O serviço social como todos sabem, ou deveriam saber, ganha caráter marxista nos anos 60 e 70 pós ditadura, rompe com o assistencialismo e passa a jogar do lado da classe trabalhadora. Fica muito óbvio que estar ao lado dos necessitados não é uma questão feminina e cristã, mas uma questão de profissionalismo que prega pelas mudanças sociais edificadas, mudanças que requerem uma revolução que só virá das camadas mais baixas. O Serviço Social não é assistencialista no séc XXI, mas revolucionário. Se torna, portanto, a única categoria de trabalhadoras que hoje é majoritariamente feminina e negra e que agride o capital dentro do próprio capitalismo.
Contrariando propositadamente tudo o que foi construído historicamente, o governo traz de volta os ideais assistencialistas para amenizar os nervos diante das implementações inconstitucionais que agridem violentamente a classe. A ideia é novamente mostrar o potencial emocional e amoroso da mulher bem criada e do lar, a mulher que não fala alto, que não se impõe agressivamente diante de suas opiniões e que lhe cabe apenas o dom da boa etiqueta e dos bons costumes.
É esse o papel destinado às mulheres no governo Temer. Não há qualquer articulação politizada economicamente ou culturalmente para mulheres.
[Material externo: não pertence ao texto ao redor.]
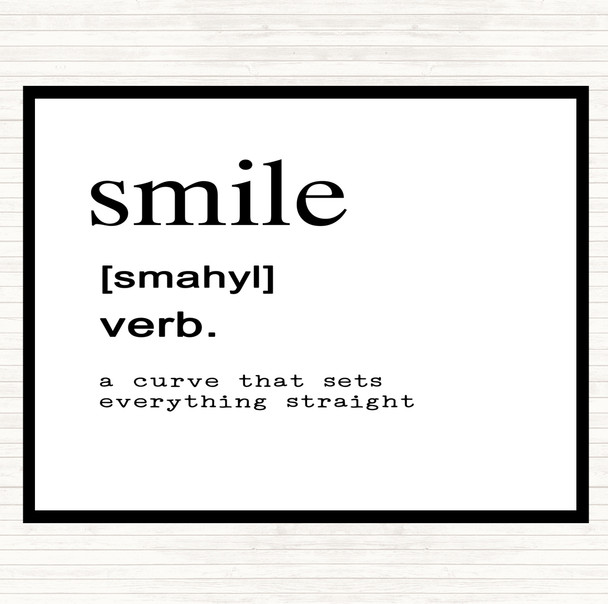 White Black Word Definition Smile Quote Dinner Table Placemat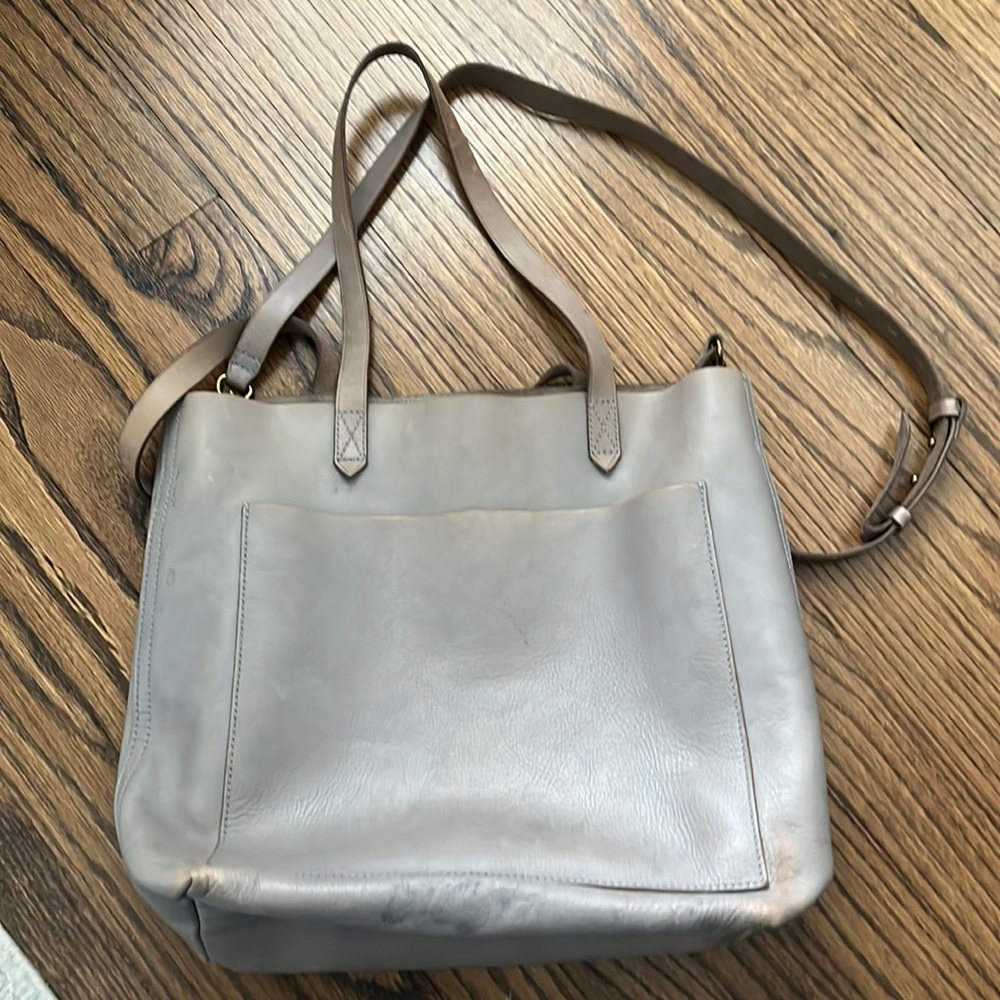 Leather MADEWELL medium Transport tote in stonewall gray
É impossível pensar que num governo que odeia a classe trabalhadora e o setor dos oprimidos, poderia dar voz política às mulheres e, ou a negra(o)s e LGBTs.
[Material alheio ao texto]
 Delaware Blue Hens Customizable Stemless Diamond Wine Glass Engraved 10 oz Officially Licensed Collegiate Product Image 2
Assim como na década de 30, a burguesia volta a secundarizar o papel das mulheres, delegando-as à mensageiras do amor benevolente e assistencialista, e para além disso, acredita que diante de tantos cortes de direitos e implantações elitistas e racistas, o assistencialismo dará conta de sanar a falta de base desse governo, que tem a cara de que não se sustenta de pé nem mesmo nos próximos um ano e alguns meses de mandato.
Este é o notório saber do governo de direita, ignóbil a todas as conquistas da classe trabalhadora, às profissionais que vêm em grande maioria da periferia e que pertencem a minorias. Ataca conscientemente a politização da massa através da nova cara do Serviço Social que surgiu diante das últimas movimentações sociais.
Mas, será essa nova cara do serviço social marxista aliada aos movimentos da classe trabalhadora quem irá desafiar o assistencialismo do governo e irá lutar cada vez mais para que se faça valer a laicidade do estado. Para que as mulheres pobres e da periferia saibam que seus lugares de mulheres não são apenas sendo boas mães e esposas; que a classe trabalhadora não deve aceitar de bom grado os ataques aos direitos e que só será possível se libertar dessas correntes quando intermediariamente busquemos alternativas de um governo que jogue ao lado da classe. Quando, por fim, derrubarmos o capitalismo.